The owner of a Louisiana medical equipment supply company and a marketer who worked for the company have been indicted for allegedly engaging in a $3 million Medicare fraud scheme.
Acting Assistant Attorney General Mythili Raman of the Justice Department’s Criminal Division, Special Agent in Charge Mike Fields of the Dallas Region of the U.S. Department of Health and Human Services Office of the Inspector General (HHS-OIG), and Special Agent in Charge Michael Anderson of the FBI’s New Orleans Division made the announcement.
Tracy Brown, 43, of New Orleans, and Sandra Parkman Thompson, 62, who is currently incarcerated in Texas, were charged in the Eastern District of Louisiana in an 18-count indictment including charges of health care fraud, conspiracy to commit health care fraud, conspiracy to pay and receive health care fraud kickbacks, and illegal remuneration. If convicted, the defendants face 10 years in prison for each health care fraud conspiracy and health care fraud count, and five years in prison for each remaining count.

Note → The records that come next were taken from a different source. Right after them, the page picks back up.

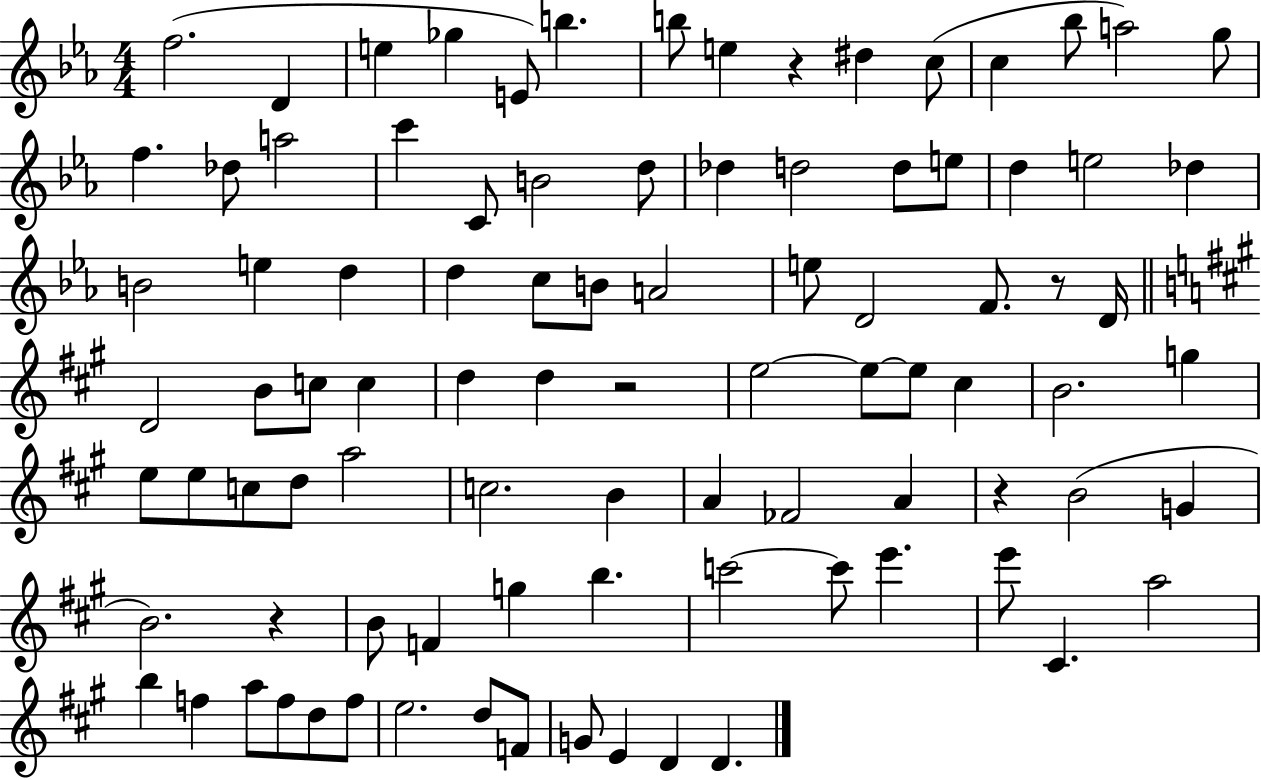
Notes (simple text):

F5/h. D4/q E5/q Gb5/q E4/e B5/q. B5/e E5/q R/q D#5/q C5/e C5/q Bb5/e A5/h G5/e F5/q. Db5/e A5/h C6/q C4/e B4/h D5/e Db5/q D5/h D5/e E5/e D5/q E5/h Db5/q B4/h E5/q D5/q D5/q C5/e B4/e A4/h E5/e D4/h F4/e. R/e D4/s D4/h B4/e C5/e C5/q D5/q D5/q R/h E5/h E5/e E5/e C#5/q B4/h. G5/q E5/e E5/e C5/e D5/e A5/h C5/h. B4/q A4/q FES4/h A4/q R/q B4/h G4/q B4/h. R/q B4/e F4/q G5/q B5/q. C6/h C6/e E6/q. E6/e C#4/q. A5/h B5/q F5/q A5/e F5/e D5/e F5/e E5/h. D5/e F4/e G4/e E4/q D4/q D4/q.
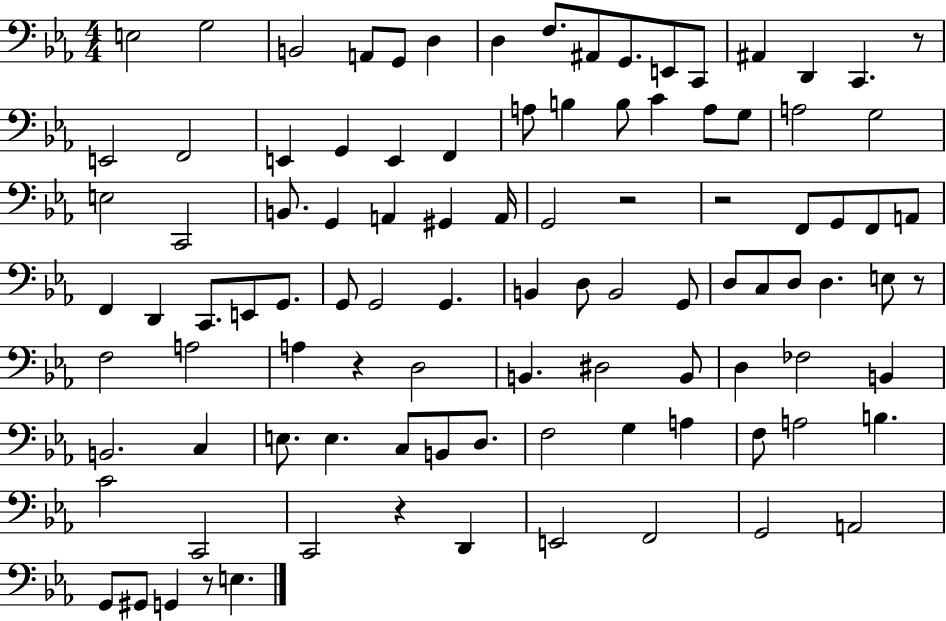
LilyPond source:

{
  \clef bass
  \numericTimeSignature
  \time 4/4
  \key ees \major
  \repeat volta 2 { e2 g2 | b,2 a,8 g,8 d4 | d4 f8. ais,8 g,8. e,8 c,8 | ais,4 d,4 c,4. r8 | \break e,2 f,2 | e,4 g,4 e,4 f,4 | a8 b4 b8 c'4 a8 g8 | a2 g2 | \break e2 c,2 | b,8. g,4 a,4 gis,4 a,16 | g,2 r2 | r2 f,8 g,8 f,8 a,8 | \break f,4 d,4 c,8. e,8 g,8. | g,8 g,2 g,4. | b,4 d8 b,2 g,8 | d8 c8 d8 d4. e8 r8 | \break f2 a2 | a4 r4 d2 | b,4. dis2 b,8 | d4 fes2 b,4 | \break b,2. c4 | e8. e4. c8 b,8 d8. | f2 g4 a4 | f8 a2 b4. | \break c'2 c,2 | c,2 r4 d,4 | e,2 f,2 | g,2 a,2 | \break g,8 gis,8 g,4 r8 e4. | } \bar "|."
}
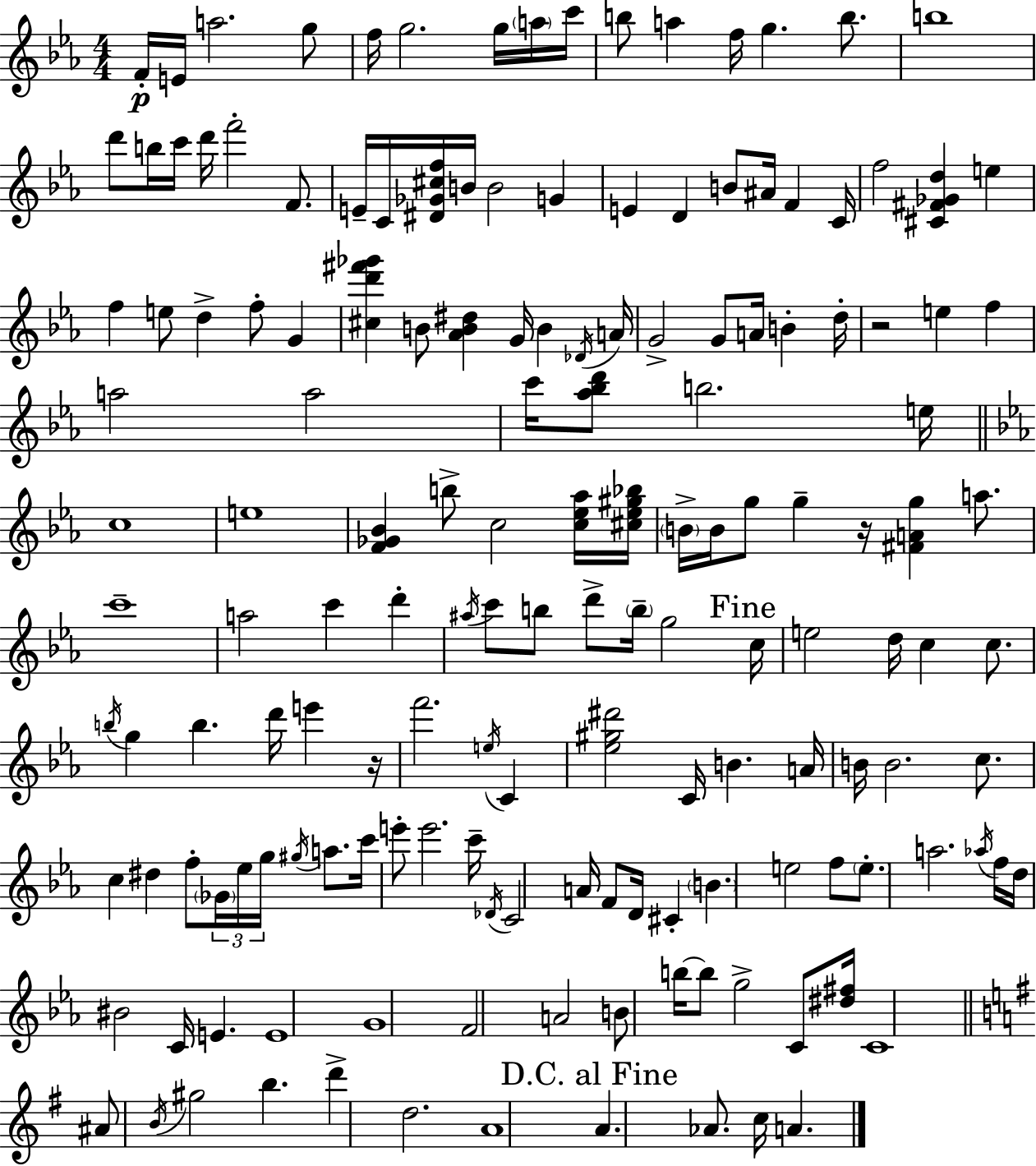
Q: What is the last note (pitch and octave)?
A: A4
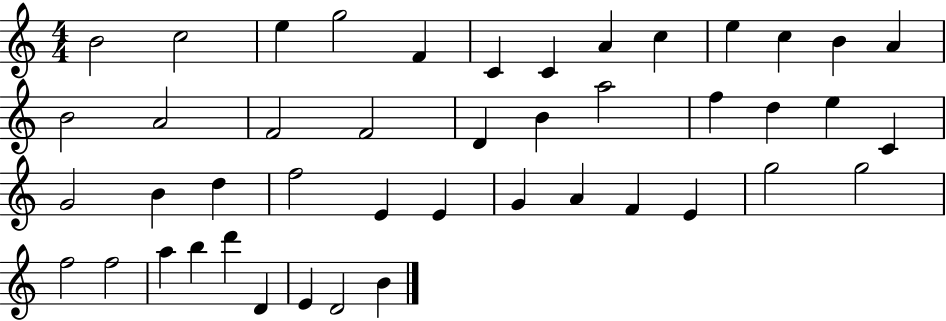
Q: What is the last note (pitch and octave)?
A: B4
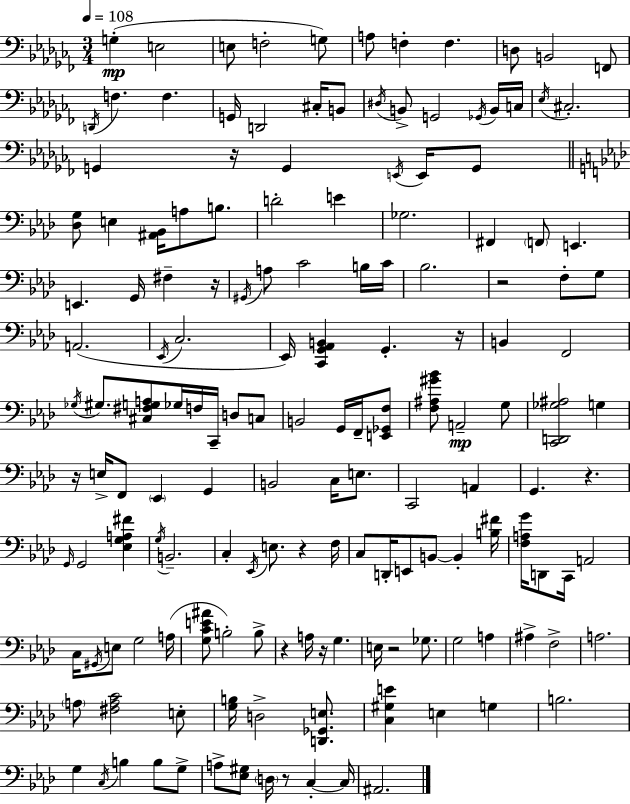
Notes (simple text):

G3/q E3/h E3/e F3/h G3/e A3/e F3/q F3/q. D3/e B2/h F2/e D2/s F3/q. F3/q. G2/s D2/h C#3/s B2/e D#3/s B2/e G2/h Gb2/s B2/s C3/s Eb3/s C#3/h. G2/q R/s G2/q E2/s E2/s G2/e [Db3,G3]/e E3/q [A#2,Bb2]/s A3/e B3/e. D4/h E4/q Gb3/h. F#2/q F2/e E2/q. E2/q. G2/s F#3/q R/s G#2/s A3/e C4/h B3/s C4/s Bb3/h. R/h F3/e G3/e A2/h. Eb2/s C3/h. Eb2/s [C2,G2,Ab2,B2]/q G2/q. R/s B2/q F2/h Gb3/s G#3/e. [C#3,F#3,G3,A3]/e Gb3/s F3/s C2/s D3/e C3/e B2/h G2/s F2/s [E2,Gb2,F3]/e [F3,A#3,G#4,Bb4]/e A2/h G3/e [C2,D2,Gb3,A#3]/h G3/q R/s E3/s F2/e Eb2/q G2/q B2/h C3/s E3/e. C2/h A2/q G2/q. R/q. G2/s G2/h [Eb3,G3,A3,F#4]/q G3/s B2/h. C3/q Eb2/s E3/e. R/q F3/s C3/e D2/s E2/e B2/e B2/q [B3,F#4]/s [F3,A3,G4]/s D2/e C2/s A2/h C3/s G#2/s E3/e G3/h A3/s [G3,C4,E4,A#4]/e B3/h B3/e R/q A3/s R/s G3/q. E3/s R/h Gb3/e. G3/h A3/q A#3/q F3/h A3/h. A3/e [F#3,A3,C4]/h E3/e [G3,B3]/s D3/h [D2,Gb2,E3]/e. [C3,G#3,E4]/q E3/q G3/q B3/h. G3/q C3/s B3/q B3/e G3/e A3/e [Eb3,G#3]/e D3/s R/e C3/q C3/s A#2/h.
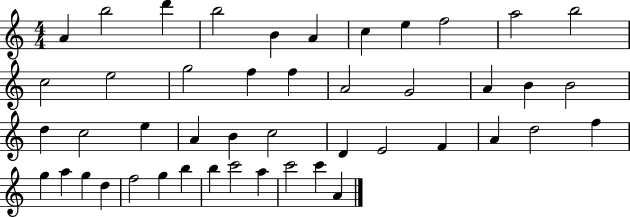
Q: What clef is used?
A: treble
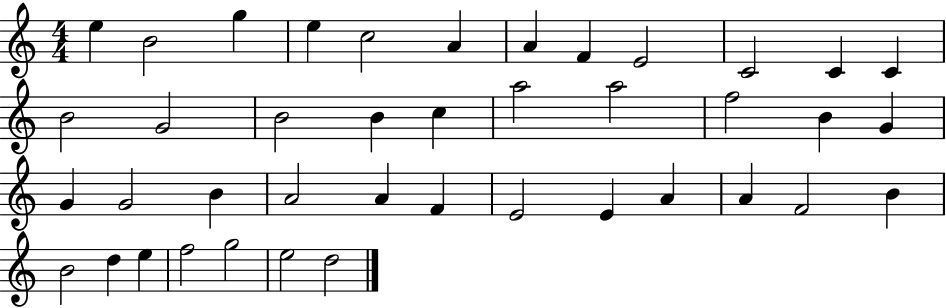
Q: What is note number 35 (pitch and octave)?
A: B4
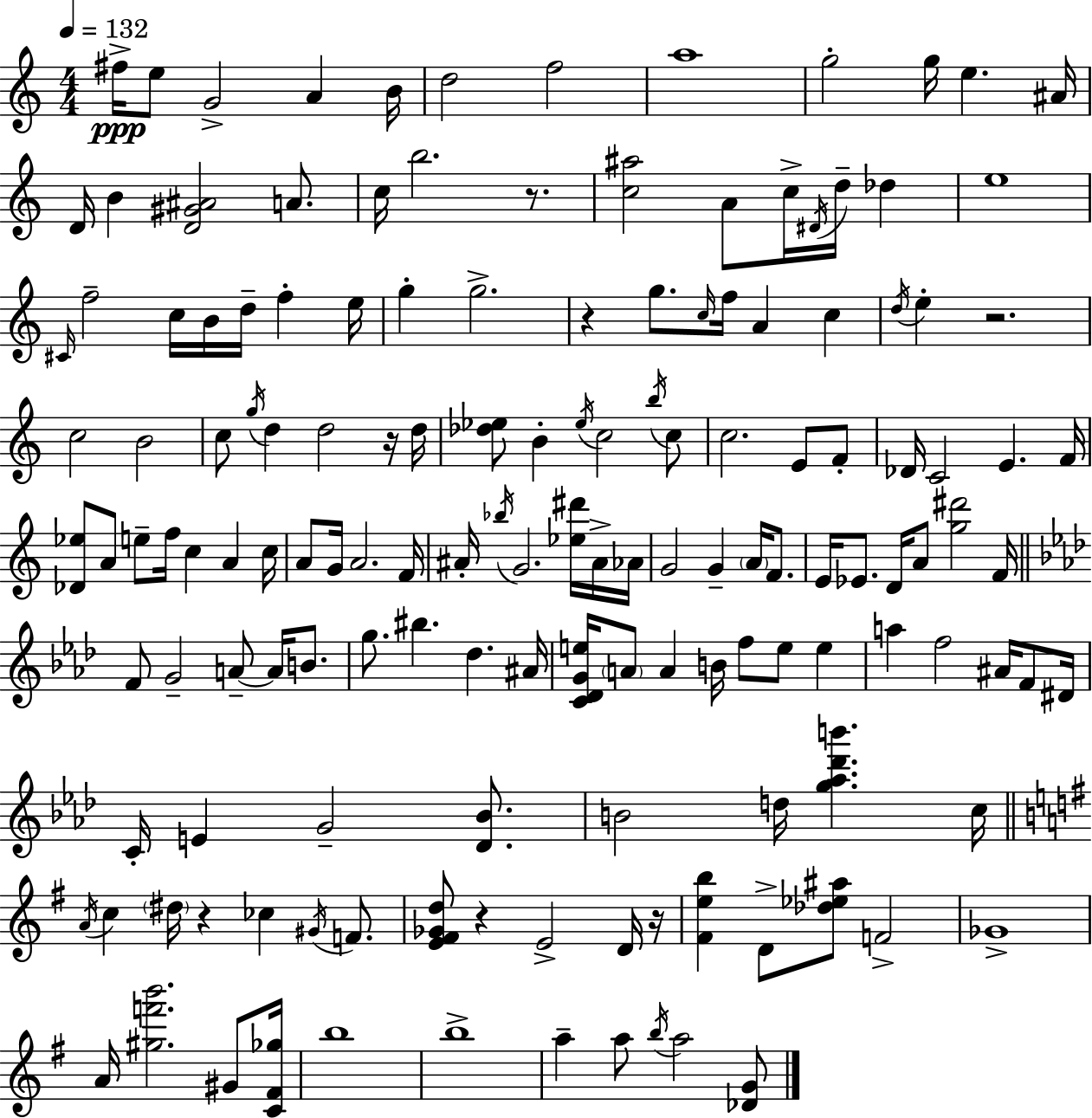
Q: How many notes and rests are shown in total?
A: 149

According to the indictment, Brown owned Psalms 23-DME and is alleged to have billed Medicare more than $3 million for power wheelchairs, wheelchair accessories and orthotic equipment for Medicare beneficiaries who neither wanted nor needed the equipment. Brown also allegedly paid illegal kickbacks to Thompson and other “marketers” to locate doctors who were willing to prescribe the equipment to Medicare beneficiaries who did not want or need these items. Thompson and other marketers were paid for each prescription they obtained for Psalms 23-DME, regardless of whether the items prescribed were wanted or needed.
Thompson and other marketers allegedly obtained falsified prescriptions for medically unnecessary equipment from Drs. Anthony Jase and Michael Hunter. A third physician allegedly provided falsified prescriptions directly to Brown. In exchange, Brown paid this physician approximately $250 per prescription.
The indictment alleges that in some cases, the equipment Psalms 23-DME billed to Medicare was never provided to a Medicare beneficiary. In other cases, Brown would bill for the most expensive types of durable medical equipment allowed by Medicare but would provide Medicare beneficiaries with much less expensive versions of the equipment, which would not have been reimbursed by Medicare.
According to the indictment, Brown allegedly paid Thompson and other marketers approximately $500 for each wheelchair referral submitted and between approximately $200 and $250 for a so-called “arthritis kit” referral, a term used by Psalms 23-DME for a number of braces and other orthotic items that were billed for Medicare beneficiaries regardless of medical need or physician request.
Jase and Hunter pleaded guilty to health care fraud charges on Oct. 31, 2013, and Sept. 26, 2012, respectively, and are awaiting sentencing.
An indictment is merely an accusation and defendants are presumed innocent until and unless they are proven guilty.
The case was investigated by HHS-OIG and the FBI and was brought as part of the Medicare Fraud Strike Force, under the supervision of the Criminal Division’s Fraud Section. This case is being prosecuted by Trial Attorney Arunabha Bhoumik of the Criminal Division’s Fraud Section and Assistant U.S. Attorney Patrice Sullivan of the Eastern District of Louisiana.
Since its inception in March 2007, the Medicare Fraud Strike Force, now operating in nine cities across the country, has charged more than 1,500 defendants who have collectively billed the Medicare program for more than $5 billion. In addition, HHS’s Centers for Medicare and Medicaid Services, working in conjunction with HHS-OIG, are taking steps to increase accountability and decrease the presence of fraudulent providers.